Photo Credit: George Logan.
This Sunday (12th August) is World Elephant Day. Born Free launches Elephants in Crisis appeal on behalf of an iconic species that could disappear from much of Africa within our lifetime.
Elephants are in crisis. A century ago there were an estimated five million elephants in Africa. Today, there are less than half a million. On average, at least 55 elephants are killed by poachers every day for their tusks. That’s one every 25 minutes.
Since 2012, it is estimated that 201,288 elephants have been poached. Now, experts have predicted that unless poaching can be effectively addressed, elephants could all but disappear from many of Africa’s wild places in the coming decades.
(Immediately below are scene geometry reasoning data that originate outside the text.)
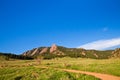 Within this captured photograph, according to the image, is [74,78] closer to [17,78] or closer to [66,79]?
[66,79]

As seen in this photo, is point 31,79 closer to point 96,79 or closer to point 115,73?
point 96,79

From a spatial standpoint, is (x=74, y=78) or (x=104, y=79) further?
(x=74, y=78)

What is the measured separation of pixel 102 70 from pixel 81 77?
675cm

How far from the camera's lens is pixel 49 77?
31125 millimetres

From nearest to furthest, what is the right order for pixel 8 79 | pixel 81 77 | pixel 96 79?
pixel 96 79
pixel 81 77
pixel 8 79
Ahead of World Elephant Day (Sunday 12th August 2018), Will Travers OBE, President of The Born Free Foundation, said:
“A world without elephants is simply unimaginable. Born Free simply cannot, and will not, let that happen.
“Our extensive experience means we have witnessed first-hand the brutal aftermath of poaching and the pressure that the species is under because of the demand for ivory. That’s why we have been campaigning for a global ban on the trade in ivory since 1989. Steps are finally being taken in the right direction - China officially closed its domestic ivory market back in 2017, the USA has taken resolute action, the majority of Africa countries are calling for the trade to end - and the UK Government plans to end almost all domestic ivory trade by October 2018, However, there is still a great deal more to be done.
“Just two years ago I stood on the edge of Nairobi National Park, in Kenya, and watched 105 tonnes of ivory burn. Eleven towering pyres of tusks from an estimated 10,000 elephants were ceremoniously torched to send a defiant message to the world that, as far as Kenya was concerned, elephants are worth more alive.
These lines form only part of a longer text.